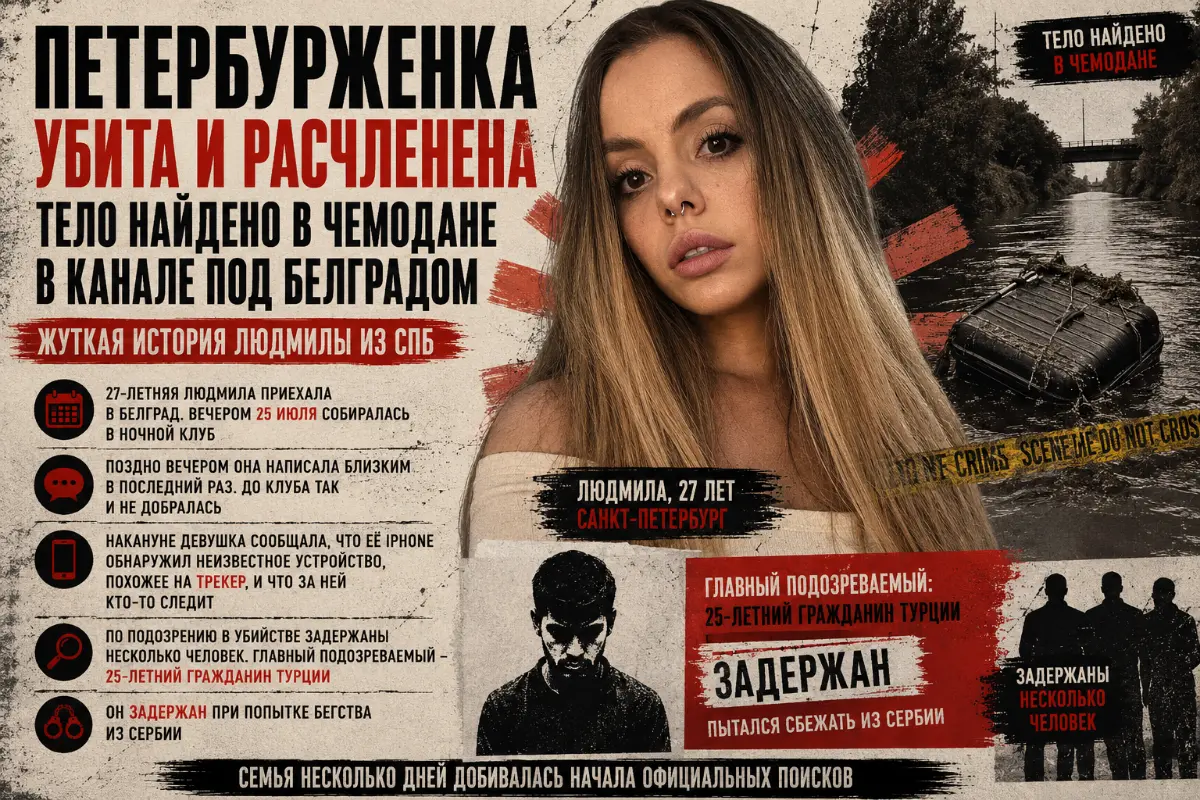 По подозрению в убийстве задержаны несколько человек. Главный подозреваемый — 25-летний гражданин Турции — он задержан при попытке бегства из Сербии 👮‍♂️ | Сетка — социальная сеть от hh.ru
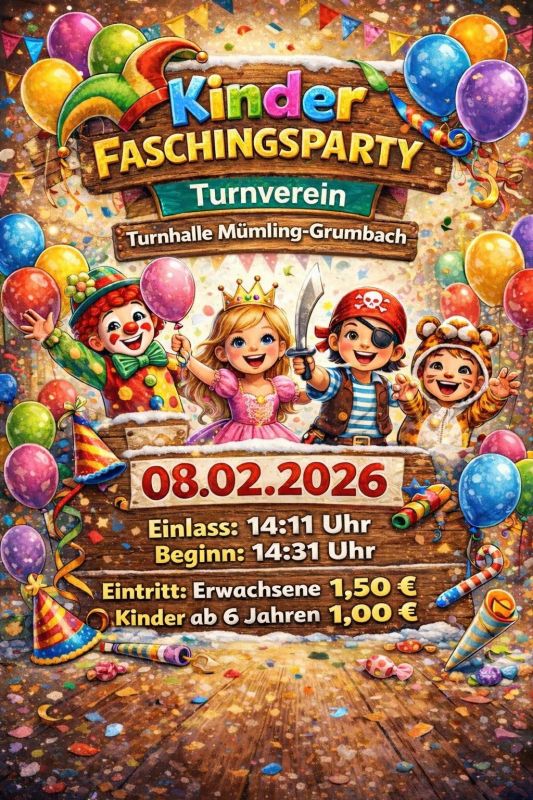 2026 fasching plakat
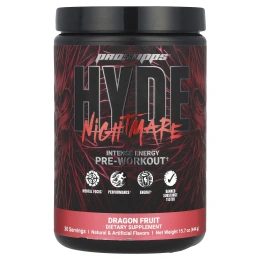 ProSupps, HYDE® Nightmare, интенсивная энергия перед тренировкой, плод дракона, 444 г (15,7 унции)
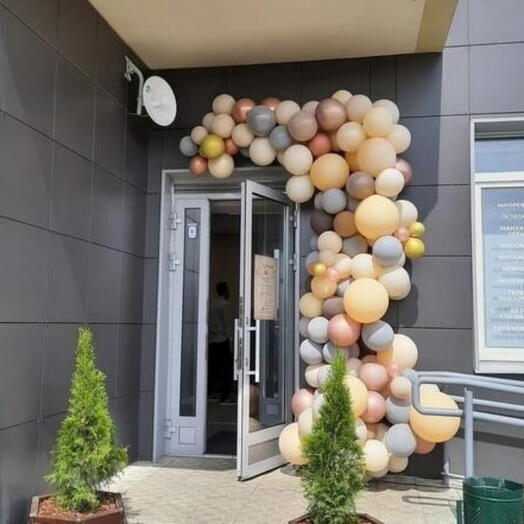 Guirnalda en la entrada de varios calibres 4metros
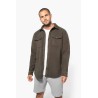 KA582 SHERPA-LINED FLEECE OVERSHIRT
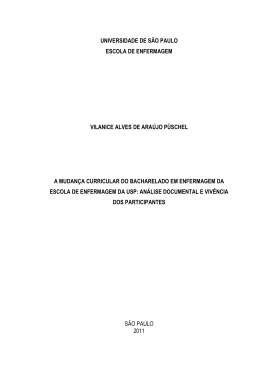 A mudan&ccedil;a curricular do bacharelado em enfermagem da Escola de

What to do: Please reproduce, word for word, every line from the first line of the records above through the line containing "Guirnalda en la", and leave out the pictures.

Task response:
 По подозрению в убийстве задержаны несколько человек. Главный подозреваемый — 25-летний гражданин Турции — он задержан при попытке бегства из Сербии 👮‍♂️ | Сетка — социальная сеть от hh.ru
 2026 fasching plakat
 ProSupps, HYDE® Nightmare, интенсивная энергия перед тренировкой, плод дракона, 444 г (15,7 унции)
 Guirnalda en la entrada de varios calibres 4metros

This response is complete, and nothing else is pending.